=== Begin Enclosure ===

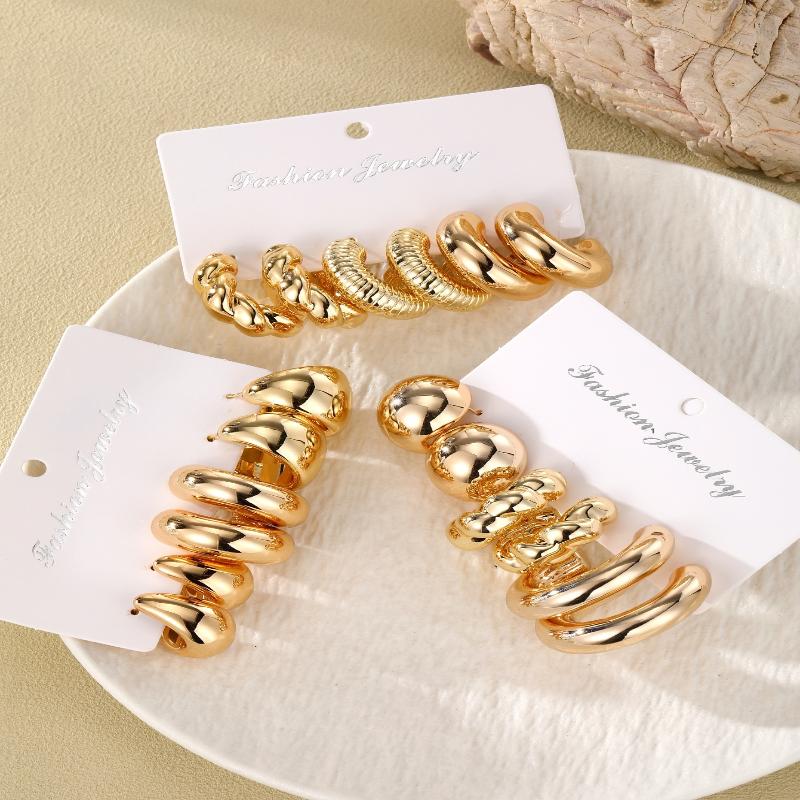 Texture Geometry Multi Shaped Women'S  Ring Earring Set Elegant  Style Unique Design Earrings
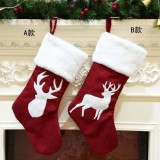 Christmas Red And White Emb Reindeer Stocking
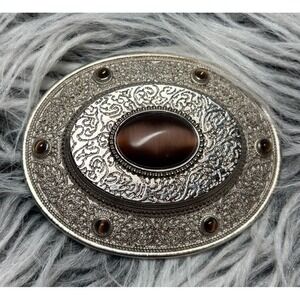 Vintage Western Cowboy Belt Buckle Ornate Oval‎ Cat Eye Stone Metal Brown Silver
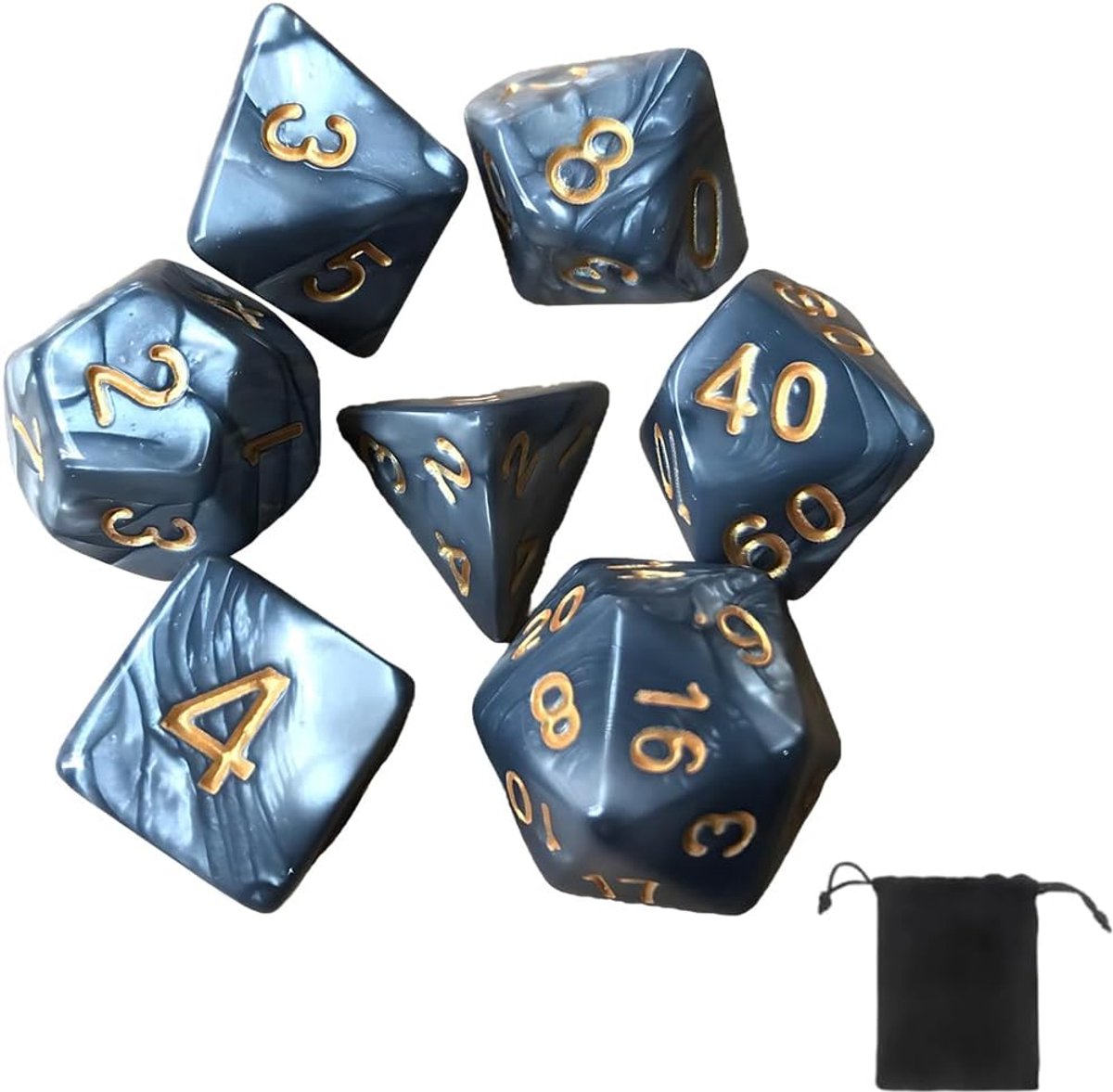 SnelShoppen - Polyhedral Dobbelstenen Set voor Rollenspellen, 7 Kleurige Acryl Dobbelstenen, Inclusief Zachte Opbergtas voor Dungeons and Dragons en B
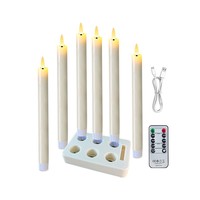 Bougie sans flamme rechargeable USB Type-C, bougie LED à intensité variable avec télécommande pour la décoration de la maison, de l'hôtel et du restaurant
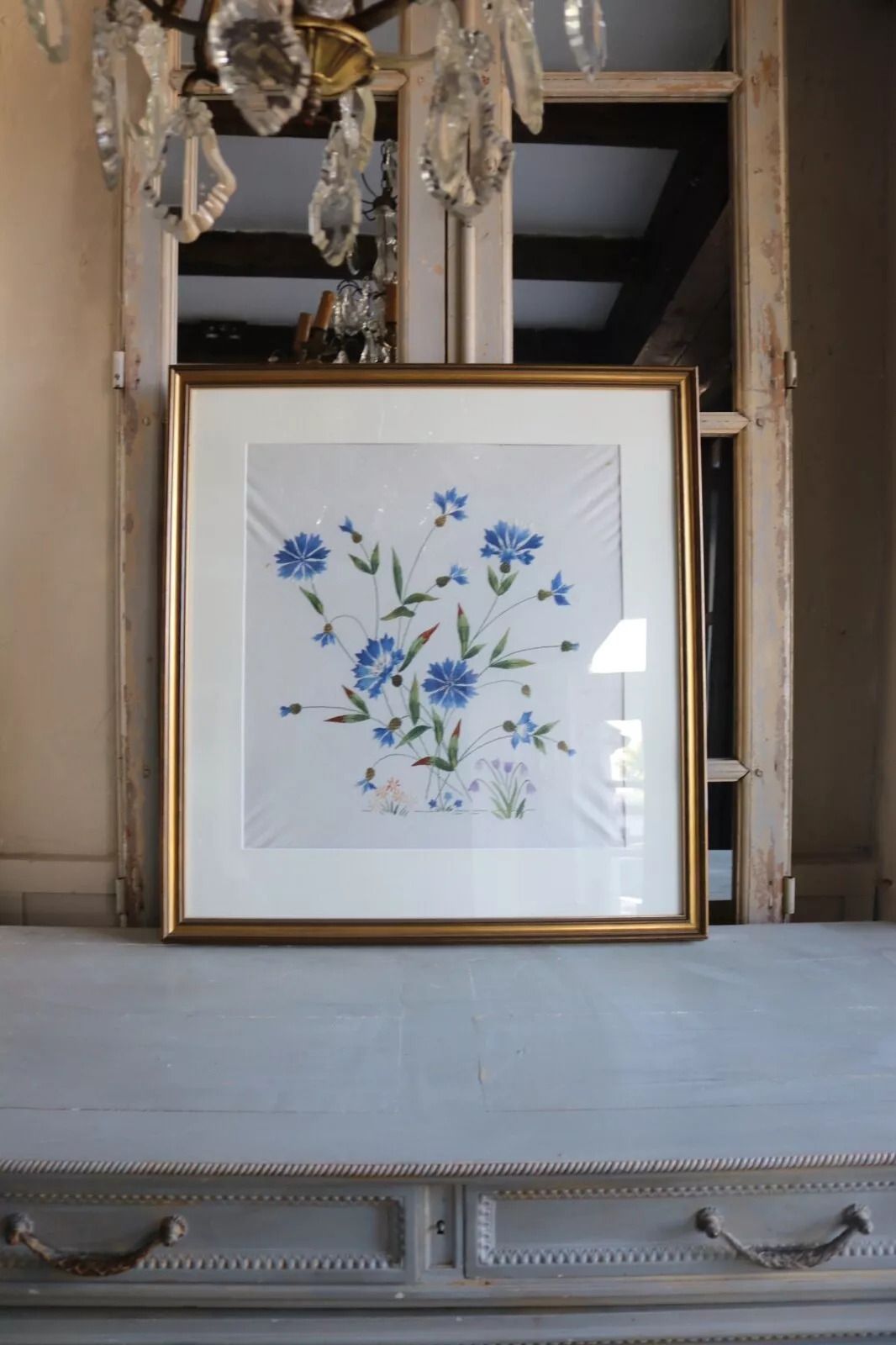 2 X Large Botanical Flowers Embroidery Pictures Framed photo 100.0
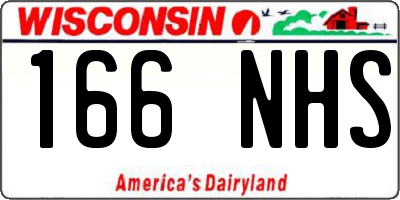 WI license plate 166NHS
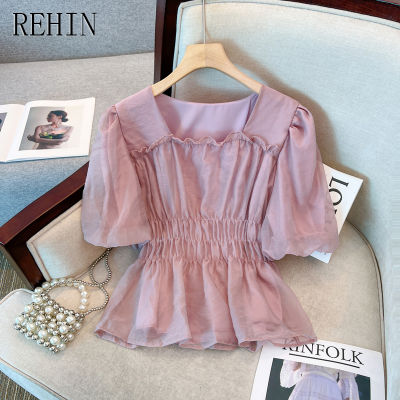 REHIN เสื้อผู้หญิงแขนพองมีจีบการออกแบบที่ไม่เหมือนใครคอสี่เหลี่ยมเสื้อสอพลอเอวเข้ารูป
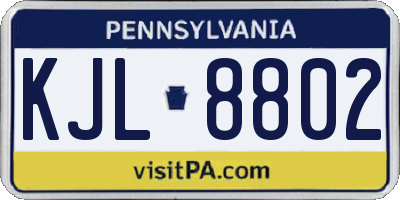 PA license plate KJL8802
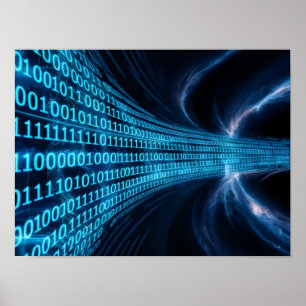 Poster Matriz de código binário azul na tela do computado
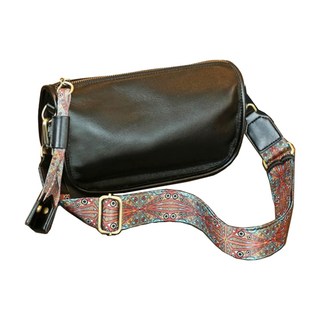 真皮頭層牛皮民族風加寬背帶女士肩背包 LB1017, 黑色, 1個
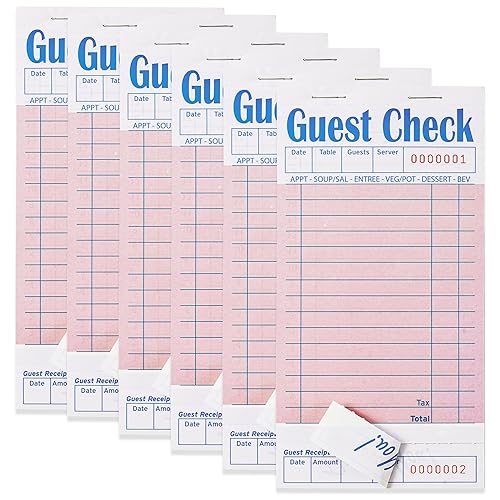 6 Pack Pink Guest Checks Books for Servers Server Note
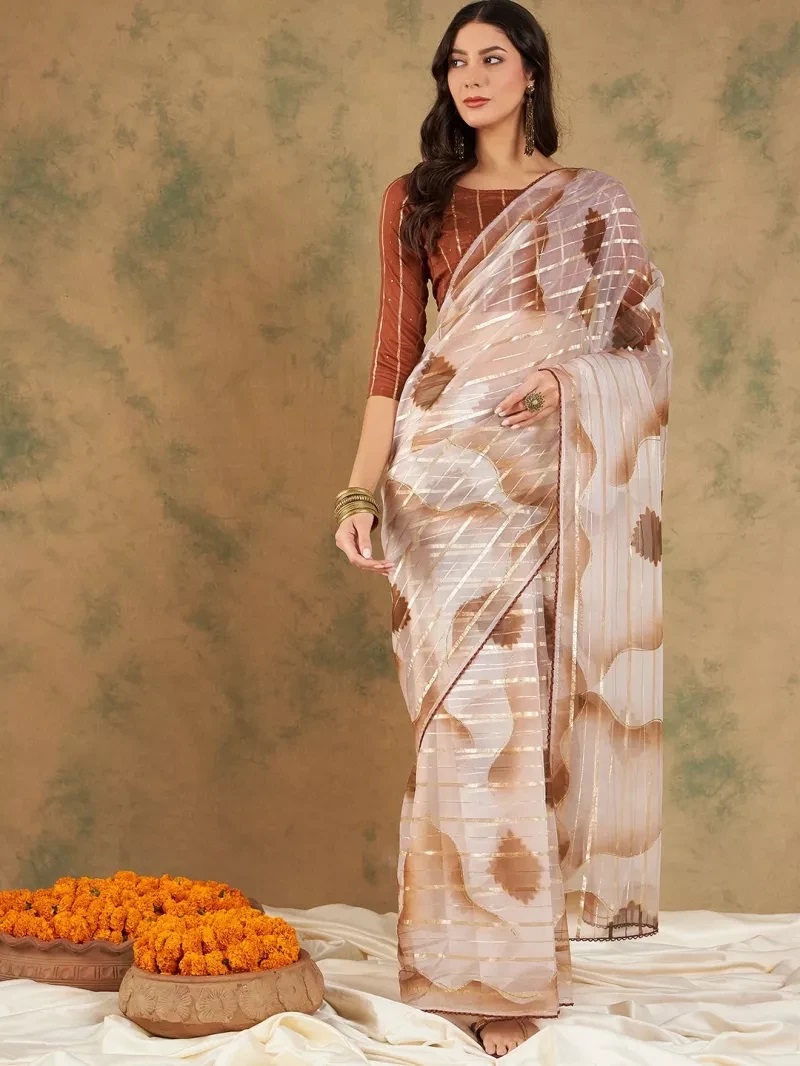 Color Set 8206 Fancy Hand Printed Organza Saree Collection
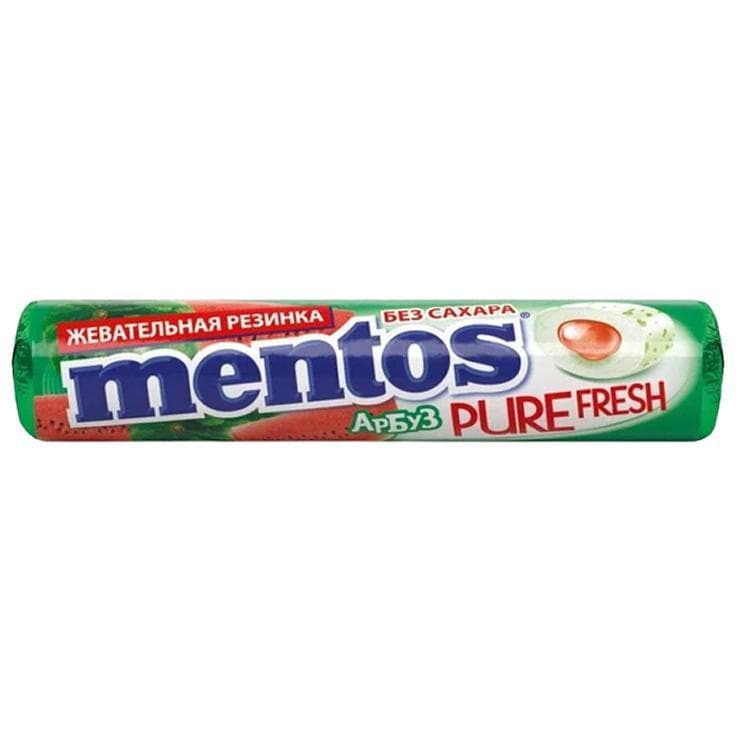 Жевательная резинка Mentos Pure Fresh Арбуз15.5 гр., обертка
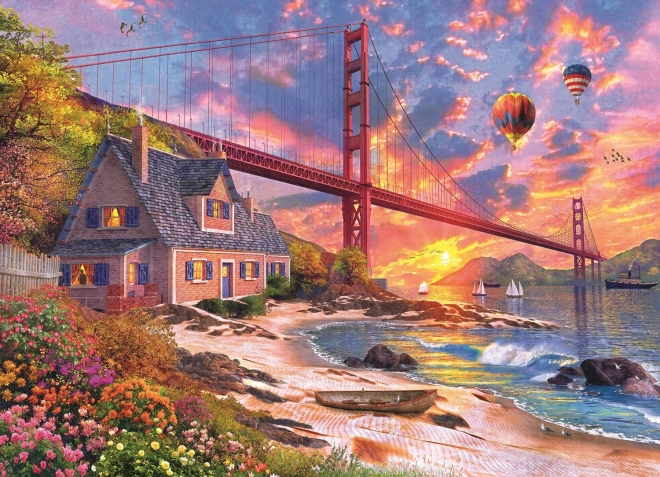 Sestavljanka sončni zahod nad Golden Gate 1000 kosov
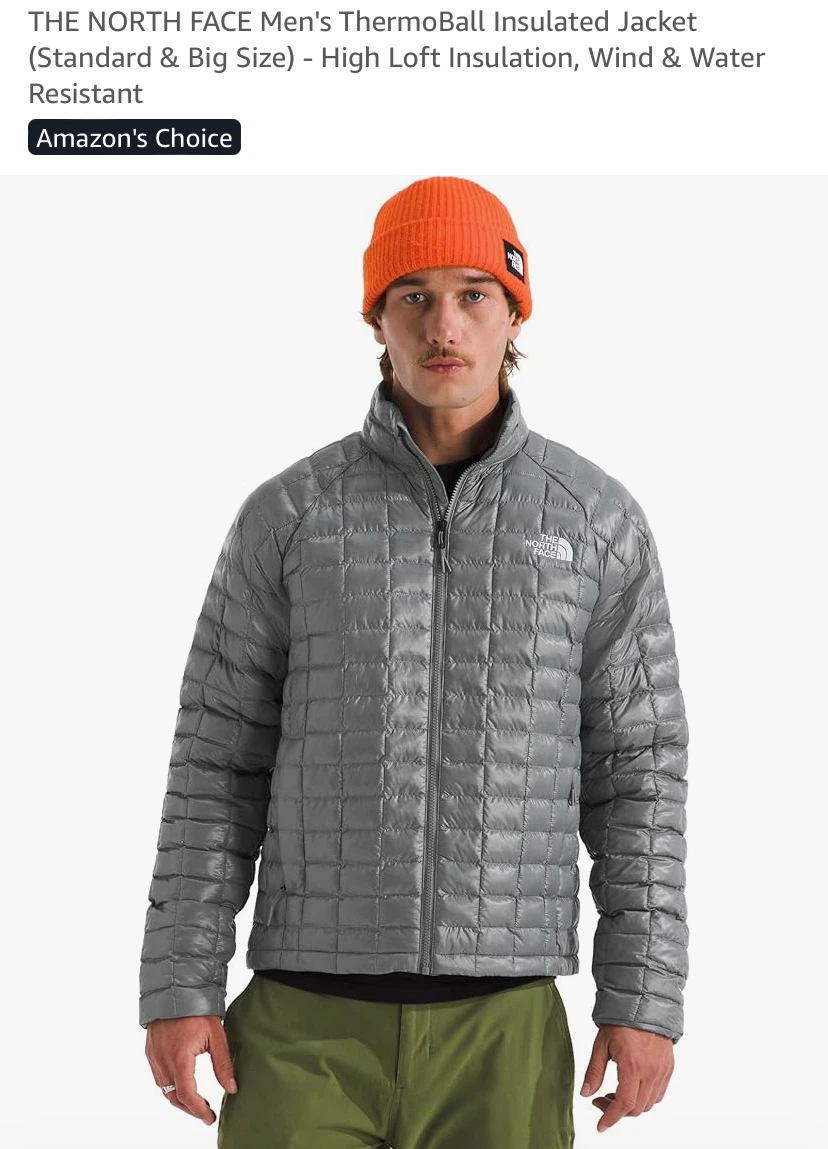 New North Face Men's ThermoBall Insulated Jacket Medium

=== End Enclosure ===

Task goal: Return, unchanged, the lines from the first line of the material through the line that holds "Bougie sans flamme", inclusive, omitting pictures.

The completed task:
 Texture Geometry Multi Shaped Women'S  Ring Earring Set Elegant  Style Unique Design Earrings
 Christmas Red And White Emb Reindeer Stocking
 Vintage Western Cowboy Belt Buckle Ornate Oval‎ Cat Eye Stone Metal Brown Silver
 SnelShoppen - Polyhedral Dobbelstenen Set voor Rollenspellen, 7 Kleurige Acryl Dobbelstenen, Inclusief Zachte Opbergtas voor Dungeons and Dragons en B
 Bougie sans flamme rechargeable USB Type-C, bougie LED à intensité variable avec télécommande pour la décoration de la maison, de l'hôtel et du restaurant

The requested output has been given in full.